SUMMARY: A summary restates the essence of the original in as few words as
possible.
PARAPHRASE: A paraphrase restates the original in the writer’s own words; the length
of the paraphrase might be close to the length of the original. HOWEVER, the
phrasing and vocabulary should be that of the writer, not that of the quoted source.
Summarize or paraphrase the following passages. Be sure to introduce the source with the author’s name and title of the work.
One might wonder why, after the Norman Conquest, French did not become thenational language, replacing English entirely. The reason is that the Conquest was not a national migration, as the earlier Anglo-Saxon invasion had been. Great numbers of Normans came to England, but they came as rulers and landlords. French became the language of polite society, the language of literature. But it did not replace English as the language of the people. There must always have been hundreds of towns and villages in which French was never heard except when visitors of high station passed through,.

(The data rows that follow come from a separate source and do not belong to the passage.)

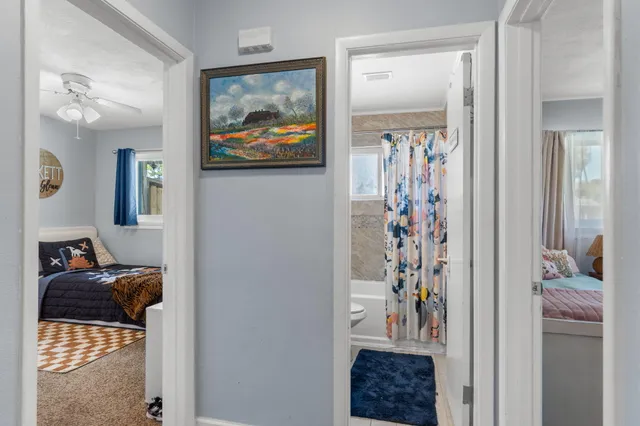 a bedroom with a bed and a painting on the wall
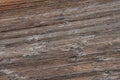 Aged worn timber boards on a pier - background texture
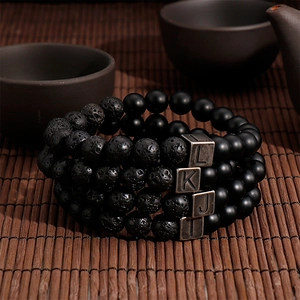 Set of 4 black lava stone bead bracelets with vintage stainless steel initial charms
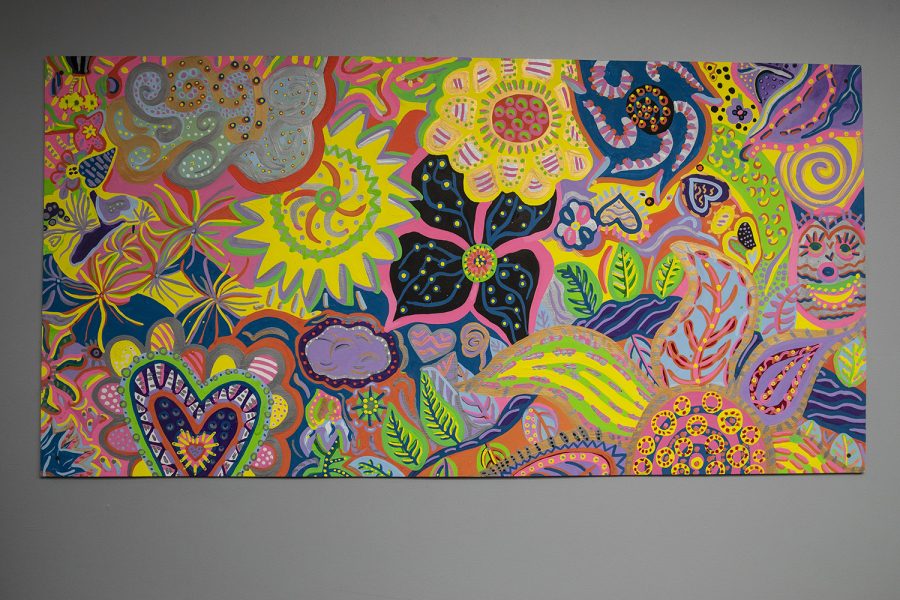 One of the five murals hangs during a meet and greet for the new art instillation Everyday Joy in the Stead Family Children’s Hospital on Aug. 29, 2019. Over 300 children worked on this project that celebrates the memory of Mollie Tibbetts.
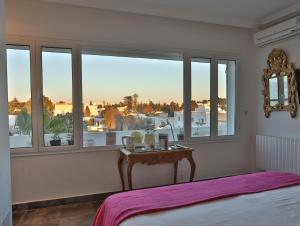 拉马萨达尔苏阿德旅馆的卧室配有床、桌子和窗户。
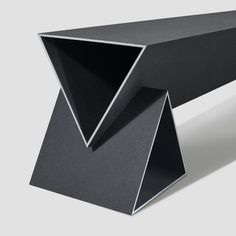 a black table with an angled design on it's top and the bottom section is folded in half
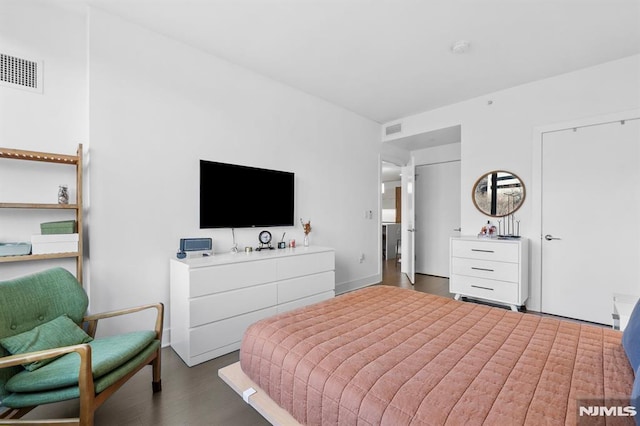 bedroom featuring dark wood-type flooring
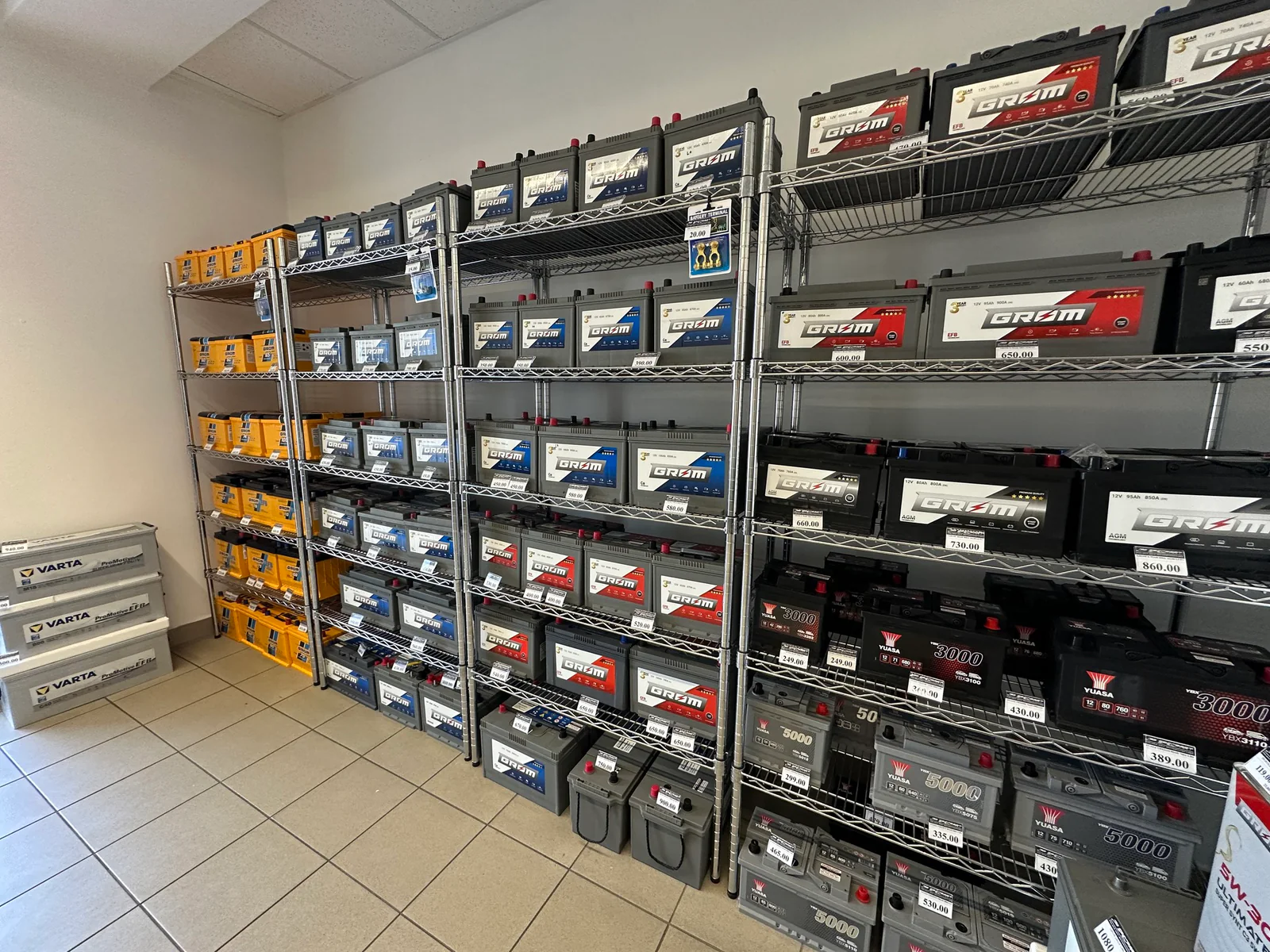 Labelled automotive batteries displayed on continuous runs of Chrome shelving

–Ifor Evans, A Short History of English Literature
These are the times that try men’s souls. The summer soldier and the sunshine patriot will, in this crisis, shrink from the service of his country: but he that stands it now, deserves the love and thanks of men and women. Tyranny, like hell, is not easily conquered: yet we have this consolation with us, that the harder the conflict, the more glorious the triumph. What we obtain too cheap, we esteem too lightly: ‘tis dearness only that gives everything its value. Heaven knows how to set a proper price upon its goods and it would be strange indeed if so celestial an article as freedom should not be highly rated.
–Thomas Paine, The Crisis
In supposedly staid and sensible England the fear of owls—especially the Barn Owls—as Death Bringer endures to the present century. It might be the strongest among countryfolk, but the fear was equally prevalent among city sophisticates and scholars only a few centuries ago. Among those who shivered when owls called from nearby post was the famous poet Geoffrey Chaucer, who wrote in 1385 that they were prophets of ‘wo and myschance’ . . . . Two centuries later, another English poet, Edmund Spencer, would name the owl ‘death’s dread messenger.’ Shakespeare set the same ominous tone with the phrase ‘the fatal bellman.’